ABD’LİYE 670 MİLYON $’LIK GARANTİ KAZANÇ SÖZÜ VERMİŞ
Digiturk de el konulduktan sonra diğer şirketler gibi potansiyel alıcıların ilgisini çekmeye başladı. Hatta Doğan Grubu ve Türk Telekom gibi alıcılar ortaya çıktı. Doğan TV Holding’in yüzde 53 hisse için 742 milyon dolar, Türk Telekom’un ise 530 milyon dolarlık bağlayıcı olmayan teklifler sunduğu basına yansıdı. Ancak Providence her aşamada yüzde 53 hisseyi göstererek, “Bu şirketin çoğunluk hissedarı benim” dedi. Ve ekledi “Eğer bir satış olacaksa da bu görüşmeleri ben yürütürüm, şirketi ben satarım.” Yani aslında satış görüşmelerini Providence yürütüyor, TMSF nezaret ediyor.

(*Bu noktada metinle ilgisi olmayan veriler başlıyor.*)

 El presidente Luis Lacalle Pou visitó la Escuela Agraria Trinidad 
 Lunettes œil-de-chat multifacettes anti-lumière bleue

Bu arada ortada ilginç ve işleri biraz içinden çıkılmaz hale sokan bir başka durum daha var. İşte yine ancak Mehmet Emin Karamehmet’in becerebileceği bir bomba ayrıntı daha: Karamehmet’in 2005 Aralık ayında Providence ile anlaşma yaparken gizli bir protokol imzaladığı ve büyük bir taahhütün altına girdiği anlaşıldı.
TMSF iş başında
Meğer Karamehmet, ABD’li fon’u “2011’e kadar yatırdığınız 240 milyon dolar en az 670 milyon dolar olur. Olmazsa bu parayı taahhüt ediyorum. Digiturk’ten bu parayı alırsınız” diyerek ikna etmiş.
ABD’li şirketin bir de böyle kapı gibi anlaşması var elinde.
Bu protokolü de gerekçe gösteren Providence, 2011’den bu yana geçen 3 yıla da faiz işleterek “Ben bu satışın sonunda en az 1 milyar doları cebime koymalıyım” demeye başladı. Ancak şirketin Maliye ile uzlaşamadığı bir vergi cezası var. Nihayetinde Digiturk’ün en büyük değeri de süper lig yayınları. Bu yayınların akıbeti de yine kamunun iki dudağının arasında... Yani 1 milyar dolar istedi ancak çok fazla da efelenemiyor. Zaten rakamı önce 800 milyona indirdi, bugünlerde ise 670 milyon dolara razı. TMSF nezaret ettiği bu satışta durumu iyi yönetiyor. Kamunun bu işten istediğini elde edebilmesi ve eli boş çıkmaması için kozlarını iyi oynuyor.
PARİS SAİNT GERMAİN’İN SAHİBİ KATARLILAR TALİP
Digiturk için görüşmeleri Providence yürütüyor, TMSF nezaret ediyor demiştik. Şimdi gelelim potansiyel alıcılara... Ne Doğan Grubu, ne de Türk Telekom potada değil. Şu an masada en ciddi alıcı olarak Katarlı bir grup oturuyor. Paris Saint Germain’i satın aldıktan sonra Zlatan İbrahimoviç, David Luiz, Cavani, Thiago Silva gibi ünlü futbolcuları transfer eden, hem Fransa Ligi’nde hem de Şampiyonlar Ligi’nde ses getiren işadamı Nasır El Halifi, Digiturk’ün de en büyük taliplisi.
Duyumlarıma göre, 1 milyar 350 milyon dolar teklif ettiler. Borçlar düşüldükten sonra 1 milyar 150 milyon dolar kalabilecek görünüyor. Bunun 670 milyon dolarını Providence alırsa, kalanı ile de vergi borçları ödenecek. TMSF bu ödemelerden sonra kendine kalacak payı da Karamehmet’ten kaynaklı kamu alacağının tahsilinde kullanabilmenin hesabını yapıyor.